Wednesday, March 23, 2011

Formula Writing

I'm taking a writing class online to try to revise my novel and make sure I'm working on my "craft" as we say. The course is called "The Character-Driven Novel," which sounds like the kind of writing I do and want to do.
Here's the thing, so far, most of the class has been analysis of my novel. It's filled with questions like main character's Inner Conflict (IC) and Outer Goal (OG)and where is Turning Point #1. Ugh. I hate that.
I can't imagine that F. Scott Fitzgerald ever went through a novel thinking that the first turning point came a little late and he needed to nudge it back toward the beginning of the novel.

Here's F. Scott Fitzgerald suddenly realizing that the second turning point for Tender is the Night came at 80 percent of the novel rather than the recommended 75 percent. Damn. Now he'd have to write it over.
Photo from http://www.unc.edu/~wellons/images/fitzreading.jpg

Isn't timing something that a good writer should be able to feel without plotting every step and misstep?
Although I'm nowhere near an F. Scott Fitzgerald, why can't I just write a great story with great characters and leave it at that? Why do I need to follow the formula? I want book groups to analyze my novel; I don't want to do it. Do you think that means I have underlying issues in the book that I'm not willing to fix?
In the writing world, I'm what is called a pantzer instead of a plotter. That means I write the story by the seat of my pants without planning it ahead of time. A lot of the time I don't even know how it ends.
My current novel which has had a working title of The Summer of France and Ransoming Raphael started as an idea for a novel about a couple who goes to Mackinac Island in Michigan to run a bed and breakfast. I was going to call it Fudge Ho since Mackinac is famous for its fudge. Next I changed the idea to have the couple run a b&b in France. Then the World War II idea and the stolen art seeped into the book. The novel evolved in ways it wouldn't have if I'd plotted it out ahead of time.
Rules make me itch. I hate having a Triptick that I need to follow when I travel or when I write. So going through this formula and finding places in my novel that match the formula feels like plucking eyelashes out one by one.
Soon I'll be blinking baldly, eyelashless at my novel.
Will I need to make changes in my novel? Always. Will I need to follow the formula, the one that splits a book or a movie into three acts? The one that every successful book or movie follows? That's something I'm still wrestling with.

3 comments:

Stephanie said...

Though I am sure someone somewhere might benefit from formula writing, I have never actually heard an author speak of writing in that way. I have, however, heard authors say exactly what you do about writing their novels - that they have an idea but no plan - that the novel unfolds as they write - that they don't necessarily know how it will end.

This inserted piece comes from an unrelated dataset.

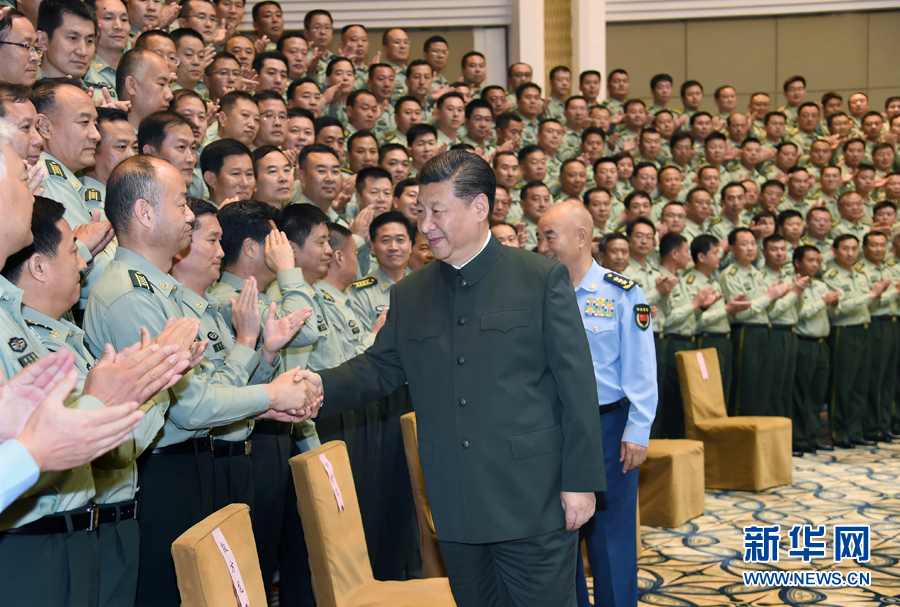 6月22日，正在山西省考察工作的中共中央總書記、國家主席、中央軍委主席習近平在太原接見駐晉部隊師以上領(lǐng)導干部和建制團單位主官。新華社記者 琚振華 攝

Leave the eyelashes alone, I say.

Linda said...

In the book The Right To Write by the lady who wrote the Artist's Way, she talks about how much more sucessful writing is as you just open yourself to your story and let it sort of write itself without thinking of plots, etc. Then you go back a fix things but the great things come from your unconscious. I don't write fiction so have no helpful hints.

Just Me said...

Interesting.....

I always wondered how writing a novel is actually accomplished. Sounds like the answer is many ways.

Love the comments from Stephanie and Linda.